2. the step of claim 1 the method two, is characterized in that, before we utilize detection obtain as a result, in consecutive frame The extraction and matching of feature are carried out, and the abnormal conditions such as detection failure can be effectively treated.Mainly there are two parts to form for the algorithm. First part is the extraction about feature, we are extracted the RGB of target, HSV, LBP using traditional feature extracting method Etc. features, composition characteristic vector.The second part is the matching about pedestrian, we are modeled by the state to pedestrian, State includes init state, tracking mode, lost condition, dead state etc..After a few frame initialization tracking objects in front, behind Tracking object and test object are carried out the calculating of characteristic similarity by every frame, use greedy algorithm progress after obtaining similarity Match, the state of tracking object is finally updated according to matched result.For the object of successful match, continue to keep tracking mode. The object that it fails to match, then switch to lost condition.If several frames can find correct matched inspection to the object of lost condition later Object is surveyed, then can be restored to tracking mode, otherwise can switch to dead state.Finally we pass through the last all tracking pair of statistics The state of elephant, the trace information of all pedestrians in available video.

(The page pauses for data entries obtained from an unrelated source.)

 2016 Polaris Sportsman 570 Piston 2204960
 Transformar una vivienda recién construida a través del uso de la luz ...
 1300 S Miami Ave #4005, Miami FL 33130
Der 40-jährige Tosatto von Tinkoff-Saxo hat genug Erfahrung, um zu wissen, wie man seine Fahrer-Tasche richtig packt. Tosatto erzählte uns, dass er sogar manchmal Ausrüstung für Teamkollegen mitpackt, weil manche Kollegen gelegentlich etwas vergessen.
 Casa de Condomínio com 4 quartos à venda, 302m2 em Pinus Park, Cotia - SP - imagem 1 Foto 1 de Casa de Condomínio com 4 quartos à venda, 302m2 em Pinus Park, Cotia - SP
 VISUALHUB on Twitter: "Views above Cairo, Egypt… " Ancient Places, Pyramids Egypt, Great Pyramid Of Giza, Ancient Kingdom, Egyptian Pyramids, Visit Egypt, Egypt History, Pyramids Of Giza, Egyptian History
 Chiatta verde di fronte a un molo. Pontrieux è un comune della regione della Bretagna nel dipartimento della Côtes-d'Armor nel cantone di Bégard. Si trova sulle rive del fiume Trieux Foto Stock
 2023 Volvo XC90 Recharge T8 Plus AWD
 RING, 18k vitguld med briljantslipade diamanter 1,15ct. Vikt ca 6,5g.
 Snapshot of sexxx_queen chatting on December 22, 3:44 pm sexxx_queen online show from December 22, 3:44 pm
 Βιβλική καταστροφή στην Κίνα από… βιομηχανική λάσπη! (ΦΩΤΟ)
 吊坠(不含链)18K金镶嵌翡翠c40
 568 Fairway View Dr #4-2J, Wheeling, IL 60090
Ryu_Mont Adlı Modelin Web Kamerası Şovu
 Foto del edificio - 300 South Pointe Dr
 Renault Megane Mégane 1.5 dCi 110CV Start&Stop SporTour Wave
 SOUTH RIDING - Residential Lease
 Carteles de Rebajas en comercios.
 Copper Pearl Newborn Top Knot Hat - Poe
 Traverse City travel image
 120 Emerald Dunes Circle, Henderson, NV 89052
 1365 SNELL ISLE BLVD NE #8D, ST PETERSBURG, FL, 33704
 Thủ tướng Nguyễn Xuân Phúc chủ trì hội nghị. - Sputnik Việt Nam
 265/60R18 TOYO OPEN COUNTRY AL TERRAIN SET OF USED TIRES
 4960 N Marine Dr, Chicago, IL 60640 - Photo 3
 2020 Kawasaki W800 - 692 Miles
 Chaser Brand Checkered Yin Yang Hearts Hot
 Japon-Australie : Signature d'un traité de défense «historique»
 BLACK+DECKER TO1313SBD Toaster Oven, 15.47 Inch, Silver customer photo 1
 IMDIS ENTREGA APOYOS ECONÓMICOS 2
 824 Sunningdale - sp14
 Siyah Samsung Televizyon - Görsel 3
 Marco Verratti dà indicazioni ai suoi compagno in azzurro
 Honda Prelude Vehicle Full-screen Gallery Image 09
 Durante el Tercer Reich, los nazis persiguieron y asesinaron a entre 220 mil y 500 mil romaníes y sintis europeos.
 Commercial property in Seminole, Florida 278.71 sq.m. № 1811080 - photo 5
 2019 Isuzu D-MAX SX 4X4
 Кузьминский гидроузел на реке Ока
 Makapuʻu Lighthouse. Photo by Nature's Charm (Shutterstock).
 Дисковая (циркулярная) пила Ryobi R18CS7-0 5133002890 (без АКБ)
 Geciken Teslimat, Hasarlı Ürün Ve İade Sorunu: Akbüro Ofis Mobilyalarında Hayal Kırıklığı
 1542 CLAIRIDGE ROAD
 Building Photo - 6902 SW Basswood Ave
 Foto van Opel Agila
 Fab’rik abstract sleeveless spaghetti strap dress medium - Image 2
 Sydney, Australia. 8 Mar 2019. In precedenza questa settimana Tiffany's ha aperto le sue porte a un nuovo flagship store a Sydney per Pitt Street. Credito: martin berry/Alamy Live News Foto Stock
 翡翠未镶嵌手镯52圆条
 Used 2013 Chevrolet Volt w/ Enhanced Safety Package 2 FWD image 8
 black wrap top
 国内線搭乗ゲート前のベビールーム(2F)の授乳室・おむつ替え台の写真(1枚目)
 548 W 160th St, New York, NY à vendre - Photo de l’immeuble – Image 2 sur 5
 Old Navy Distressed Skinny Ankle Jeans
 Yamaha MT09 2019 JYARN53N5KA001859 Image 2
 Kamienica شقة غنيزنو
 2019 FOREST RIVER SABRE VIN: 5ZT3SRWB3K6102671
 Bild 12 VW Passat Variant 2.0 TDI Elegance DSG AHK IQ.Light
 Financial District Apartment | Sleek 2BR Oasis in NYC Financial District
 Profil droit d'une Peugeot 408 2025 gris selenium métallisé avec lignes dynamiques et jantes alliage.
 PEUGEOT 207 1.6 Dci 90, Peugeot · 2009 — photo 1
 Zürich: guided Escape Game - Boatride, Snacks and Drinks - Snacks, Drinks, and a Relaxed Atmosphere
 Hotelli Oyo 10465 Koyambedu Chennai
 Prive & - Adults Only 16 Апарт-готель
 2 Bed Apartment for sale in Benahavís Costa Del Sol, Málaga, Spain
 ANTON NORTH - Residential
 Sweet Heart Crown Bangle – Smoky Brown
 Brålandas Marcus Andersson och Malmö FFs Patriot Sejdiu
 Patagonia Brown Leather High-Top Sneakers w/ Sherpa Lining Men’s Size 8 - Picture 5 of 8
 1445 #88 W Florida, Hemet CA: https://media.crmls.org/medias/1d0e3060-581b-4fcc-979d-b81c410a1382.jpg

For occlusion issue common in pedestrian tracking, we generate network to solve at application confrontation.Occlusion issue refers to pedestrian It is blocked during the motion by external object, so that pedestrian detection module can not detect pedestrian, so that tracking mould Block not robust.We generate network using confrontation can generate the figure of next frame according to the picture that frames several before pedestrian are not blocked Piece.Confrontation generates network and is made of network G and network D.Network G refers to generation network, and input is X=(X¹..., X^m), X indicates front m frame picture, after multilayer convolutional layer, exports Y_gen, Y_genRefer to the picture of the next frame of generation.Network D Refer to decision networks, the positive sample of input is X=(X¹..., X^m, Y), refer to the continuous m+1 extracted from initial data Frame picture, therefore Y=X^m+1.Negative sample is X=(X¹..., X^m, Y_gen), wherein Y_genIt is to generate in network according to preceding m frame The next frame picture that picture generates.The target of the network is to judge that the successive frame picture of input is true or generates network It generates, therefore loss function is defined as:

L^D(X, Y)=L_cls(D (X, Y), 1)+L_cls(D (X, Y_gen), 0)

Wherein L_clsRefer to cross entropy cost function, is defined as:

I refers to i-th of sample therein.The parameter of network G is kept when updating the parameter of network D using stochastic gradient descent method It is fixed.

L^G(X, Y)=L_cls(D (X, Y_gen), 1)

When occlusion issue occurring during tracking, we just generate network using confrontation to generate the non-Occlusion Map of next frame Piece, and carry out using the picture of generation the detection and tracking of pedestrian.